3> We want statically linked tools so that we can cross compile out of 
ClearCase on a (possibly) wide variety of Red Hat build hosts, might have 
different libraries, need to have build consistency...execution speed and 
executeable size issues are not as important as making certain we can build 
consistently slightly or widely differing hosts.

Thank you,
Ken Wolcott

On Wednesday 15 October 2003 09:44, Dan Kegel wrote:
> Wolcott, Ken (MED, Compuware) wrote:
> >   While running demo.sh (crosstool 0.24) on a Red Hat 8.0 system (gcc 3.2
> > and kernel 2.4.18-14) I receive an error like the following when trying
> > to configure glibc (2.3.2):
> >
> > *************************************************************************
> >************ checking LD_LIBRARY_PATH variable... contains current
> > directory configure: error:
> > *** LD_LIBRARY_PATH shouldn't contain the current directory when
> > *** building glibc.  Please change the environment variable
> > *** and run configure again.
> > *************************************************************************
> >************
> >
> >   crosstool exited at this error. Typing "echo $LD_LIBRARY_PATH" now does
> > not display any path pertinent to the build path.
>
> LD_LIBRARY_PATH is a funny thing to have set at all;
> is there any reason you can't just unset that variable?
>
> > q2: how do I differentiate between a generic arm target and the
> > arm-linux-920TDI target that I need?
>
> Probably by copying arm.dat to arm920t.dat and editing it.  e.g.

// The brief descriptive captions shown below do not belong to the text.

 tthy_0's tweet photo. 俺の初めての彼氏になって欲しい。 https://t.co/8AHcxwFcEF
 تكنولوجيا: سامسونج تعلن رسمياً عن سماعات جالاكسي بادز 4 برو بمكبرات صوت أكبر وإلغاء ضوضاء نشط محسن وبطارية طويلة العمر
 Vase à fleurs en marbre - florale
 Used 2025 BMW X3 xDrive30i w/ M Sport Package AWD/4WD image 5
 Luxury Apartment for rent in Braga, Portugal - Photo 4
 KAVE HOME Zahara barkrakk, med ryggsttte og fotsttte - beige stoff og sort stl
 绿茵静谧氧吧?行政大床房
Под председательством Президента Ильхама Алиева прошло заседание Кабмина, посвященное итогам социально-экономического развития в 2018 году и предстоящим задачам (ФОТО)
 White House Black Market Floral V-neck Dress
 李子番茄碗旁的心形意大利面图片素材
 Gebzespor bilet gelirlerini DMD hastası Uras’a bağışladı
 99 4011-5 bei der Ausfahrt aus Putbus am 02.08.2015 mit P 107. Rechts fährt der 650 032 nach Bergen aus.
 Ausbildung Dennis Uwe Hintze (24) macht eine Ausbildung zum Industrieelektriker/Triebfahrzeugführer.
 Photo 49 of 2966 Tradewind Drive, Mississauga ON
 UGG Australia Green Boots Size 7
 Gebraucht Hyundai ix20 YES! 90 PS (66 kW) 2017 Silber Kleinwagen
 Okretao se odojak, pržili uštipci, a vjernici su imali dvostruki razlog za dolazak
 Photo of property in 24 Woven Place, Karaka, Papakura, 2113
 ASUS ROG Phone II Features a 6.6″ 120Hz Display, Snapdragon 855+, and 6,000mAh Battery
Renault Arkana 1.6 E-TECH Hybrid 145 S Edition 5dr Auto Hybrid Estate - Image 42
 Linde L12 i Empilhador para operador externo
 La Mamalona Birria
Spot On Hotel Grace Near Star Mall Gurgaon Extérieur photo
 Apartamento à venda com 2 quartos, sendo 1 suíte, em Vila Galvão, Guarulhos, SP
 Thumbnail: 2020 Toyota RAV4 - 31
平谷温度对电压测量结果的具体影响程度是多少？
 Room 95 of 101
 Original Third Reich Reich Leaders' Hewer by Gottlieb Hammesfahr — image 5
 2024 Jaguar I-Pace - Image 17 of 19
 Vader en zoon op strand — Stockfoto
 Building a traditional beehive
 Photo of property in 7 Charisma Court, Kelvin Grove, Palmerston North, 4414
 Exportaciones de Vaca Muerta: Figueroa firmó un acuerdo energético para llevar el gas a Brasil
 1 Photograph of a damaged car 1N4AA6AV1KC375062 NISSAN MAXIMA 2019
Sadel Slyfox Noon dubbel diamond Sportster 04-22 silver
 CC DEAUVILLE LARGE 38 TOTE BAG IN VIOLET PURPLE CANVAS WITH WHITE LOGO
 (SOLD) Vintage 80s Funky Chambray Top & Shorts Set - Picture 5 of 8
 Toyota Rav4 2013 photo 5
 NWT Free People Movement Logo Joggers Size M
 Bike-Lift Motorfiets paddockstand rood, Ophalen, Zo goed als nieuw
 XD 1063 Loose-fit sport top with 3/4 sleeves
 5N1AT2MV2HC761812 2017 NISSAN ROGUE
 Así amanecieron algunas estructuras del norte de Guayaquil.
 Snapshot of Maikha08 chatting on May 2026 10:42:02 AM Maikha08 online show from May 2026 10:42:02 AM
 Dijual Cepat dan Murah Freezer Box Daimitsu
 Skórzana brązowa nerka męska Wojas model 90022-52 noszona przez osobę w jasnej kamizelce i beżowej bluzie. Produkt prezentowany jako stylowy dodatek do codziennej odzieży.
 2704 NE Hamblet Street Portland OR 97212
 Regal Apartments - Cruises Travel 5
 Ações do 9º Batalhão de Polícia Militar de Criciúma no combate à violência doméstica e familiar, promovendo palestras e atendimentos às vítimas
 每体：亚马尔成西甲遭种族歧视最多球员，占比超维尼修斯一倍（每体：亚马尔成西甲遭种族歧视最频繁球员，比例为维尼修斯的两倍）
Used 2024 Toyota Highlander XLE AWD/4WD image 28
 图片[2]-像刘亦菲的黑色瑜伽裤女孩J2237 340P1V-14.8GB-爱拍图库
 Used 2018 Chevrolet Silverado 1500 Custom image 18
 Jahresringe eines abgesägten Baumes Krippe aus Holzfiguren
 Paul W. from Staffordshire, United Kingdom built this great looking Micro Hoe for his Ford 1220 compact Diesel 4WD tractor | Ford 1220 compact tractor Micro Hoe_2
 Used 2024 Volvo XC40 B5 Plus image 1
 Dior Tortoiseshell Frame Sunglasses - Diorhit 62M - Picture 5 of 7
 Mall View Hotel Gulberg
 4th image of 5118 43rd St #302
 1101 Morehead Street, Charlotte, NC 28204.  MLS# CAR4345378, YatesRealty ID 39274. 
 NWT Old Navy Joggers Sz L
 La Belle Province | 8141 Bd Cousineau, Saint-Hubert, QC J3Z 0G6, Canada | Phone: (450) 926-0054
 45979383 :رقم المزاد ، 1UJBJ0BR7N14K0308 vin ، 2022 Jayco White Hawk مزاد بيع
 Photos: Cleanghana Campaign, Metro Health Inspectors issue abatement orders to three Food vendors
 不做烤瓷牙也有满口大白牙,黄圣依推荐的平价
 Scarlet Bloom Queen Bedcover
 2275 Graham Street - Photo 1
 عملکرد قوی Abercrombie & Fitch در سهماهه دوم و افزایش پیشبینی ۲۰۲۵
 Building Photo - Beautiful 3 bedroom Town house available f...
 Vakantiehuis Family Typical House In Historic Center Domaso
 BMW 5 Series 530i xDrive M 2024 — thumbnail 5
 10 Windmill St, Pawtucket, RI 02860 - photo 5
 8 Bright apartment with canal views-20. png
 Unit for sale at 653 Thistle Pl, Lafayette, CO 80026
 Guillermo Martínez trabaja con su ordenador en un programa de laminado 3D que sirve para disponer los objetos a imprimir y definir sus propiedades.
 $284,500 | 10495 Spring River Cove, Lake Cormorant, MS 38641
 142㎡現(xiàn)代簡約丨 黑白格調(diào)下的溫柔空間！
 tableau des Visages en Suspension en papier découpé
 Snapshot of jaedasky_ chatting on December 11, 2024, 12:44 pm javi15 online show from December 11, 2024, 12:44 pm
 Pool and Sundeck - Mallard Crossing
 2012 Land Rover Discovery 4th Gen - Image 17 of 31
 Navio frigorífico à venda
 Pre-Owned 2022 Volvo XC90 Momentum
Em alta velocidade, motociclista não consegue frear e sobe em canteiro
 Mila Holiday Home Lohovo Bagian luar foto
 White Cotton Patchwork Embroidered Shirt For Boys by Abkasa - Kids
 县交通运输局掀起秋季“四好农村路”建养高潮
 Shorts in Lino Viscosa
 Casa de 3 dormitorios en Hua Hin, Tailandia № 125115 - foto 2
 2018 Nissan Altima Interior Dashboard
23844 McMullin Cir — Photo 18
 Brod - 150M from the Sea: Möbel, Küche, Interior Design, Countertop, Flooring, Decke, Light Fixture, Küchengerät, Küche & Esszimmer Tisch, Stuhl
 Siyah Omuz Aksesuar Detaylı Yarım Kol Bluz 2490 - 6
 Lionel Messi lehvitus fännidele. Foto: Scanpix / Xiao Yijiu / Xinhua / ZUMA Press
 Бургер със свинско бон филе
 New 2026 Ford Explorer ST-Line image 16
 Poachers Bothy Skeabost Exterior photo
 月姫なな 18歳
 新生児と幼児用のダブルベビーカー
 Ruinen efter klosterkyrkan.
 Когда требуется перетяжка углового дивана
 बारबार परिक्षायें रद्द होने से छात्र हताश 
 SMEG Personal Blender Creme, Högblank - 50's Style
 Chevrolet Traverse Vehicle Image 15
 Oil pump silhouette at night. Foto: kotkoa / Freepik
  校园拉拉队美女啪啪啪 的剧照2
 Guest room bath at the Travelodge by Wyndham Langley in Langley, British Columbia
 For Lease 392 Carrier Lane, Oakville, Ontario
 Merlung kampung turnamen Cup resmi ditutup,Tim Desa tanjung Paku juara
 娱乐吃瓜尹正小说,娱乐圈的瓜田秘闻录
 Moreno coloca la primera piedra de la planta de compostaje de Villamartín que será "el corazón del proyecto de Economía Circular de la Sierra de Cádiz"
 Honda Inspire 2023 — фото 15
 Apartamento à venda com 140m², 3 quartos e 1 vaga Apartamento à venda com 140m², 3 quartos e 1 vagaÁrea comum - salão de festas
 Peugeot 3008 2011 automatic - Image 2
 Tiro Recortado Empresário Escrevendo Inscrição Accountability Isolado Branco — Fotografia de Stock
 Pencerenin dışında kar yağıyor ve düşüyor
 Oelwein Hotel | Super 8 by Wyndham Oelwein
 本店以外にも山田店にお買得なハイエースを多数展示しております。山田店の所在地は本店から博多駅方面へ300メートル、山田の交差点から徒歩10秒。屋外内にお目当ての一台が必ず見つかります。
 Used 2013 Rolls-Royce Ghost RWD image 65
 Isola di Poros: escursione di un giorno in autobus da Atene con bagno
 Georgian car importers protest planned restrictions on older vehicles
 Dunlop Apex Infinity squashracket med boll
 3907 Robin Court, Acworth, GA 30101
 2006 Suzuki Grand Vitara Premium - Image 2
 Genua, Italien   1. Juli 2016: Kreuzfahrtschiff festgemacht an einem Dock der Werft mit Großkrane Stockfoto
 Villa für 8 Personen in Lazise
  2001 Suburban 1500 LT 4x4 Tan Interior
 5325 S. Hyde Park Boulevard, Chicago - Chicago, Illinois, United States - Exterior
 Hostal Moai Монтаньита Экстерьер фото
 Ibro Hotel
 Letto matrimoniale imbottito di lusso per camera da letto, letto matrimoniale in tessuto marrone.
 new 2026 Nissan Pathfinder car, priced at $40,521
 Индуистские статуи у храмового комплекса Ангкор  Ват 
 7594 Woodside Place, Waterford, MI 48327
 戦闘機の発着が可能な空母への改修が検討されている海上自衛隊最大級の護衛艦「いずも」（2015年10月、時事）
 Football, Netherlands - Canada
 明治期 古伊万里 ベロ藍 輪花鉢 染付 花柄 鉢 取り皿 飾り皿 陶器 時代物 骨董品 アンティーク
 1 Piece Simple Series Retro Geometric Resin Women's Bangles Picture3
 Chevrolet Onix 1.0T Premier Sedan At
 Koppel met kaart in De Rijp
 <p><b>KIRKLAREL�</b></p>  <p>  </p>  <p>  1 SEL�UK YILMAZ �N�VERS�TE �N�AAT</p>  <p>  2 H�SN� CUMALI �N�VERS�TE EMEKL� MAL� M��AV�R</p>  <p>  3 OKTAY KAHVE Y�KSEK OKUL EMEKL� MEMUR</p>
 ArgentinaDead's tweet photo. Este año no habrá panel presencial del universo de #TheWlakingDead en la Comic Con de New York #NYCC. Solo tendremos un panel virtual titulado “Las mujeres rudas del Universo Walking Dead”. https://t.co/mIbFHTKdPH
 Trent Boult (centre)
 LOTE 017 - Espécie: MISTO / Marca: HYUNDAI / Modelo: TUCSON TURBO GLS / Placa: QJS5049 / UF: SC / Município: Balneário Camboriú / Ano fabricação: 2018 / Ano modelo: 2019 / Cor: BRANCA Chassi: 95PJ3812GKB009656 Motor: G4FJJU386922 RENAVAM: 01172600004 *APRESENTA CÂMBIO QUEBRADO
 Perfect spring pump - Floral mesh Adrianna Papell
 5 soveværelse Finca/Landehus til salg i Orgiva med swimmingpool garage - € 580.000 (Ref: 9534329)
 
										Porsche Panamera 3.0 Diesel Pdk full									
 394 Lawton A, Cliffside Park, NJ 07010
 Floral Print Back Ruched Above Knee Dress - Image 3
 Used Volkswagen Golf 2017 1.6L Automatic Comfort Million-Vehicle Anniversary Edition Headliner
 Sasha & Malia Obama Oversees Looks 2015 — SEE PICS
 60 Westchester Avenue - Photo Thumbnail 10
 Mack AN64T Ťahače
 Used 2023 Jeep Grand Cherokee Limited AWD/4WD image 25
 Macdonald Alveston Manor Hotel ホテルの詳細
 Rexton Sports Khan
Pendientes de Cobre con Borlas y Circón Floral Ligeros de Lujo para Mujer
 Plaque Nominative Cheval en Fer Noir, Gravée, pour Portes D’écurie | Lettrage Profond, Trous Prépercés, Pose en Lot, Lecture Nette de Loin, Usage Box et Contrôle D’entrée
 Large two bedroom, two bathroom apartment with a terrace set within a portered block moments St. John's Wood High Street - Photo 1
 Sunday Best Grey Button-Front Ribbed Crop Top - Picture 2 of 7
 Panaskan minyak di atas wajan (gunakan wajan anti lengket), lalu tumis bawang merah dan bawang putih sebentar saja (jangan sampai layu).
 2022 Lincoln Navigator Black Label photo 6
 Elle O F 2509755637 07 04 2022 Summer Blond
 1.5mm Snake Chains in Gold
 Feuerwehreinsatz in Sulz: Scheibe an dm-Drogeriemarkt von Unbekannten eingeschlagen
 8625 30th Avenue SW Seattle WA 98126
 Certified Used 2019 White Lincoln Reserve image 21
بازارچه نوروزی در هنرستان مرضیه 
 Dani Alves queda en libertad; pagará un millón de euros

> TARGET_CFLAGS="-O -mcpu=920t"
> GCC_EXTRA_CONFIG="--with-cpu=920t --enable-cxx-flags=-mcpu=920t"
> tells gcc and glibc in as many ways as possible to compile
> 920t-specific code.  If the choice of ARM cpu affects the syscall
> interface, it's conceivable you might want to copy arm.config
> to arm920t.config, change that a bit, and point to that instead of
> arm.config in arm920t.dat.  I doubt you'd have to do that, though.
>
> The --with-cpu=920t supposedly makes the resulting gcc default
> to -mcpu=920t, but that hasn't worked 100% for me, so you might
> need to pass -mcpu=920t when building your programs.
>
> I encourage you to read and understand the build script.
>
> By the way, the target name arm-linux-920TDI would make some
> gnu tools barf.  I suggest using target name arm-920t-linux-gnu by editing
> arm920t.dat to have the line
> TARGET=arm-920t-linux-gnu
>
> > q3: How do I obtain a statically linked target cross compiler tool chain?
>
> You want gcc itself to be statically linked?  Why?